▶ _PROBLEM TO SOLVE_
The expected result is an exact restatement of the data, free of pictures.

▶ _SOURCE MATERIAL_
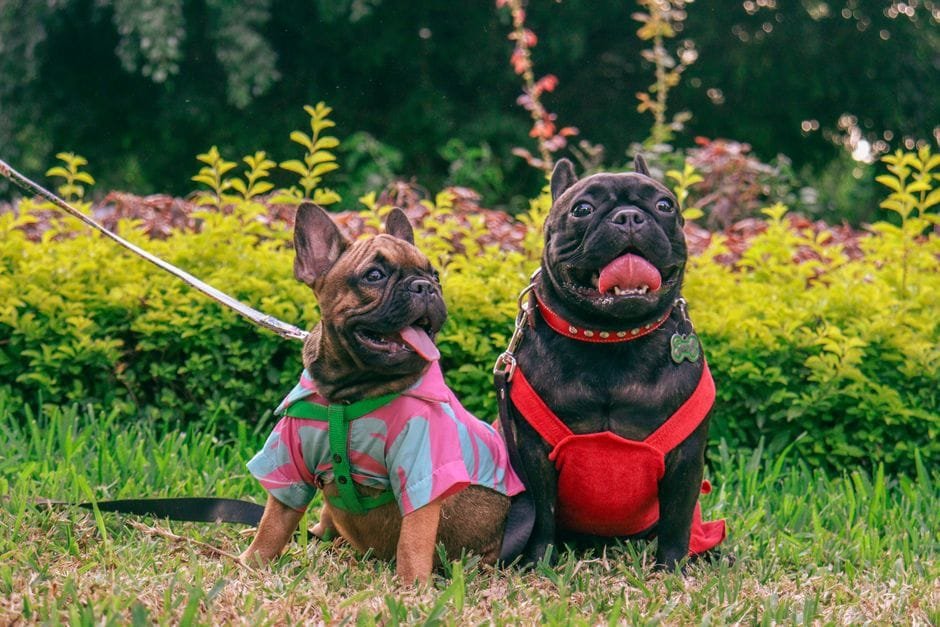 how much does a french bulldog cost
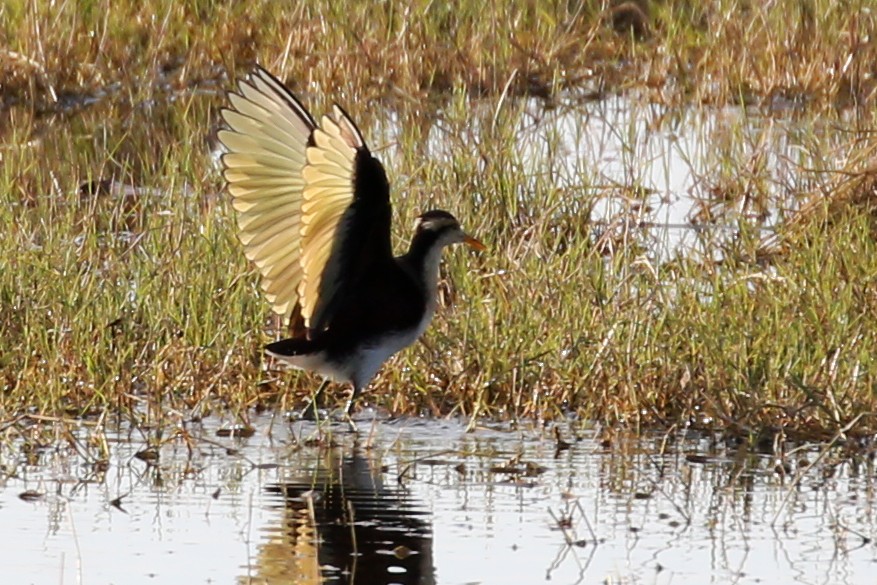 Northern Jacana - ML621117187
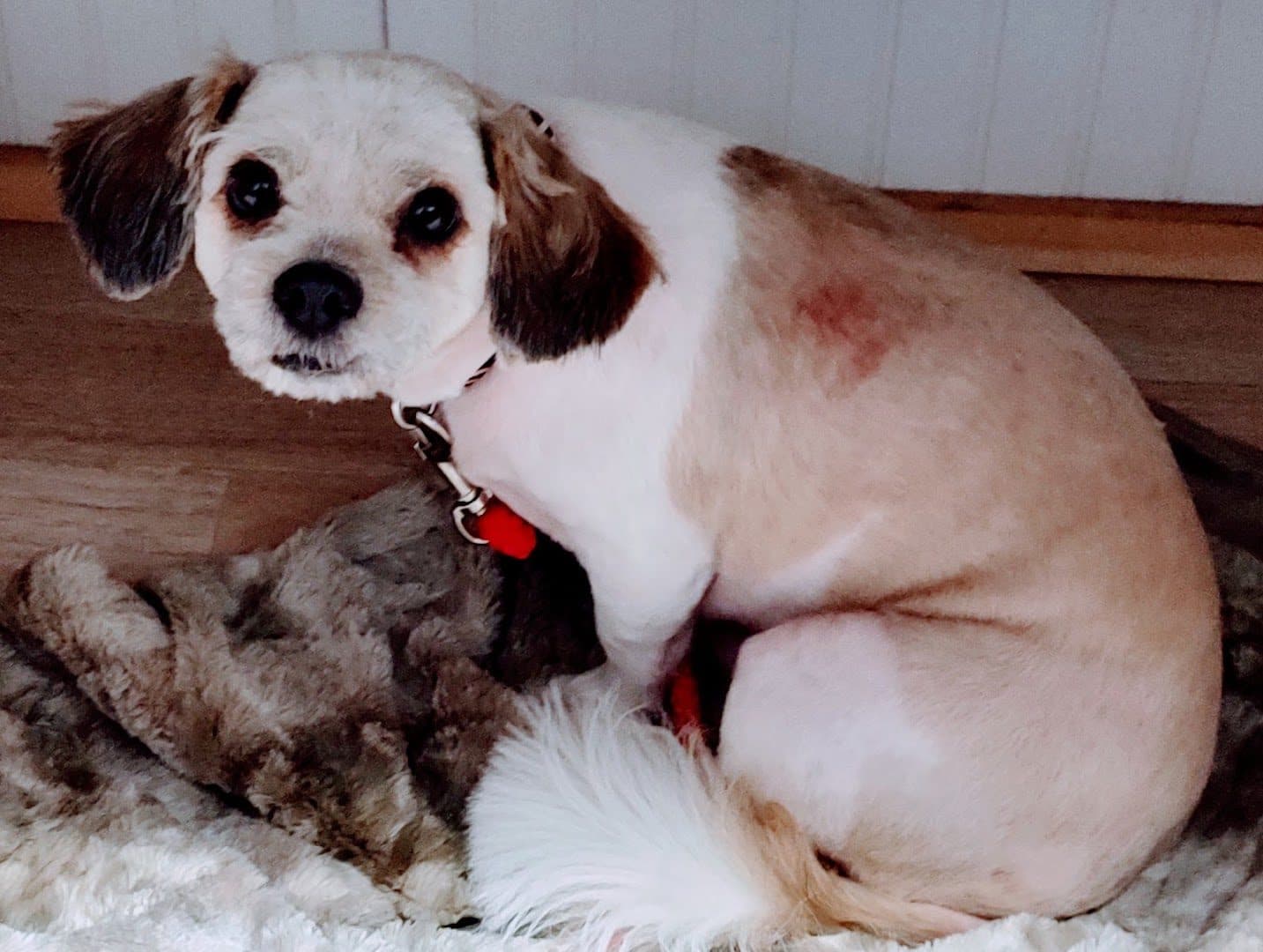 Coupland Veterinary Hospital - Dr. Arlon Graef, DVM — Pet Services photo 1 of 5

▶ _OUTPUT OF THE EXERCISE_
 how much does a french bulldog cost
 Northern Jacana - ML621117187
 Coupland Veterinary Hospital - Dr. Arlon Graef, DVM — Pet Services photo 1 of 5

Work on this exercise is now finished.